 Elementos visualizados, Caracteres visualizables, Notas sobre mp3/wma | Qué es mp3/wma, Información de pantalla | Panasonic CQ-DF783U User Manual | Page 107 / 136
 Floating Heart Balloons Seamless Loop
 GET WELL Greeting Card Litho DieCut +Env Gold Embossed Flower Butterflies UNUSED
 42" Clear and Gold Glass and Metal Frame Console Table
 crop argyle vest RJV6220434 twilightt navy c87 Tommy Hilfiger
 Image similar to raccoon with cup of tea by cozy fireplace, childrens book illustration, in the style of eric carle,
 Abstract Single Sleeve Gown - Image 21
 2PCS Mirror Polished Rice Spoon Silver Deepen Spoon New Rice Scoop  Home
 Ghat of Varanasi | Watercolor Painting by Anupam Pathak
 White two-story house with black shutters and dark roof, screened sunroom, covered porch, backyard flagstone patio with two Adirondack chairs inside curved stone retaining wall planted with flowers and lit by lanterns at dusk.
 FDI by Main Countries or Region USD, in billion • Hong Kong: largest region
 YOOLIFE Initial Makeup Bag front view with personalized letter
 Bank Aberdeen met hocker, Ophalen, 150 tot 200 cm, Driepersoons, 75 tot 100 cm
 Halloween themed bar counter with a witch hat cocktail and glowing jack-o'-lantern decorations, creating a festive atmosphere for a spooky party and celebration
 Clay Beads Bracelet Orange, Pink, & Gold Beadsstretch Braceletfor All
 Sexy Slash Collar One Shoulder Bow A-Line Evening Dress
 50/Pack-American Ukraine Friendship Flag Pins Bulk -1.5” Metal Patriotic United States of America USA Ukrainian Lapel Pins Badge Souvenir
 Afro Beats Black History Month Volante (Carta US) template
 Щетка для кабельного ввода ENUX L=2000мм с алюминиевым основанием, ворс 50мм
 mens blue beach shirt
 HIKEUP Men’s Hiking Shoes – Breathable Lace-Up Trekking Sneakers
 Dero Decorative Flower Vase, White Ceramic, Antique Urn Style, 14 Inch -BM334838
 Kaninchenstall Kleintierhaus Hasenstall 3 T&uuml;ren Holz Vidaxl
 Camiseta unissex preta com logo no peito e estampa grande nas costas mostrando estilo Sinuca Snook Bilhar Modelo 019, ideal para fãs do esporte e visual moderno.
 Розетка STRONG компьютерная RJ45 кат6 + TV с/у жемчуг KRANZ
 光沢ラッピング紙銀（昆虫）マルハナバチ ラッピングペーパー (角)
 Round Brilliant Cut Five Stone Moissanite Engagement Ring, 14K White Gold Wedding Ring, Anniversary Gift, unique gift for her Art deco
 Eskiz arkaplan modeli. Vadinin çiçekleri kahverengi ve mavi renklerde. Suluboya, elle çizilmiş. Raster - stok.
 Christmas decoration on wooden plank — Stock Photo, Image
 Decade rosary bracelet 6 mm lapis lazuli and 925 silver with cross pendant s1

- TASK PROMPT -
Return a copy of each line in the entries that contains "Gold".

- RESULT OF THIS EXERCISE -
 GET WELL Greeting Card Litho DieCut +Env Gold Embossed Flower Butterflies UNUSED
 42" Clear and Gold Glass and Metal Frame Console Table
 Clay Beads Bracelet Orange, Pink, & Gold Beadsstretch Braceletfor All
 Round Brilliant Cut Five Stone Moissanite Engagement Ring, 14K White Gold Wedding Ring, Anniversary Gift, unique gift for her Art deco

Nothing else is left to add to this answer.